Studio album by the Fugs
- Released: 1968
- Recorded: 1968
- Genre: Psychedelic rock; sound collage;
- Length: 35:03
- Label: Reprise (US) Transatlantic (UK)
- Producer: Ed Sanders, Richard Alderson

The Fugs chronology
| Tenderness Junction (1968) | It Crawled into My Hand, Honest (1968) | The Belle of Avenue A (1969) |

= It Crawled into My Hand, Honest =

It Crawled into My Hand, Honest is the fifth studio album by the Fugs, a band composed of anti-war poets. It was released in the US by record company Reprise.

Professional ratings
Review scores
| Source | Rating |
| AllMusic | Star |
| Rolling Stone | (positive) |

==History==
When poet and publisher Ed Sanders established a bookstore next to the apartment of beat poet and publisher Tuli Kupferberg in 1964, the two decided to form a band, The Fugs, writing 50–60 songs between them prior to asking Ken Weaver to join. In subsequent years, this core trio worked with a number of musicians as they produced a series of albums in quick succession. It crawled... was their fifth studio album.

The band built up a cult following, gaining admiration from counter-culture figures such as William S. Burroughs and Abbie Hoffman. They were known especially for their pro-drugs, anti-war stance, use of poetry in their music, and large number of sexual references in their songs.

Due to their overt sexual content, The Fugs were at risk of censorship. However, while on Reprise Records, the company president Mo Ostin showed a willingness to release Fugs material uncensored. This era of freedom began with the release of the album Tenderness Junction, released in early 1968. Work on It crawled.. began straight after.

The album was The Fugs' most expensive, costing around $25,000. The working title was Rapture of the Deep; this along with Tenderness Junction, and "It Crawled..." demonstrate The Fugs' enjoyment of including thinly veiled sexual references in their work.

==Musical style==

In 1967, The Fugs' sound had developed considerably from their early works such as The Fugs First Album, with several complex and interesting compositions. This was partly due to personnel changes; Charles Larkey, an excellent bassist, and Ken Pine, a skilled guitarist were added in 1967 and played on both this and the preceding album Tenderness Junction. Session musicians also added to the depth of the work; Band leader Sanders later stated:

For back-up harmonies, we used some fine singers who had worked as Harry Belafonte's harmonists. You can hear them, say, on "Wide, Wide River," and "When the Mode of the Music Changes".
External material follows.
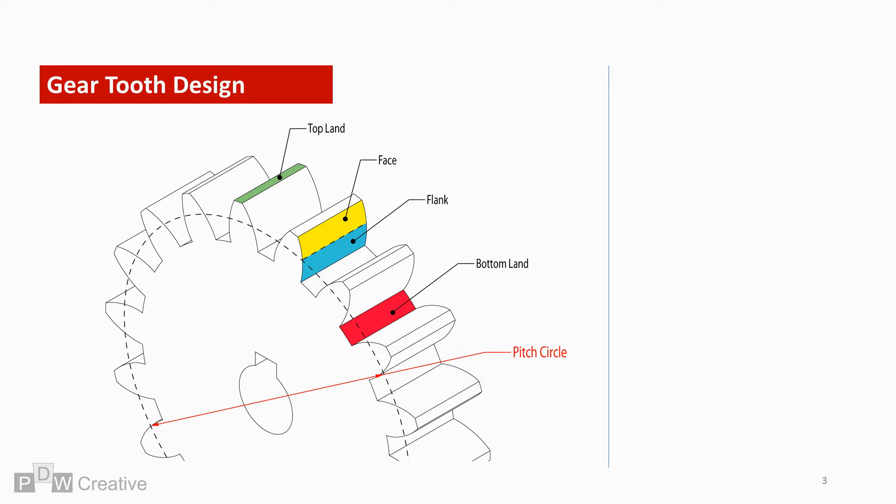The top face of one gear will always be in clearance to the bottom face of the other. The sides of the tooth are split into face and flank. The dividing feature is the pitch circle, which will be explained in the following slides.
Described as "ambitious and extravagant sounding", It Crawled Into My Hand, Honest takes the form of a sound collage with tracks linked by snippets of chants, prayers and exorcisms. Kris Needs of Record Collector describes the album as a "total collage assault". Chuck Foster of The Big Takeover highlights the eclectic nature of the first side of the album, veering between psychedelic rock, country, blues and easy listening, while drawing attention to the "strange sound collage of songs and vocal snippets" that forms the second side. Sanders said he intended the second side of the album be a "like a long collage". Richie Unterberger said that the integration of a "side-long suite" was comparable to the Mothers of Invention's We're Only in It for the Money and the Holy Modal Rounders' The Moray Eels Eat the Holy Modal Rounders, both also from 1968. Writing for AllMusic, he similarly said that the album begins with "five discrete tracks" before moving into a "cut-and-paste of tracks varying in length from three seconds to four minutes, the stylistic jump-cuts similar to those employed by the Mothers of Invention in the same era."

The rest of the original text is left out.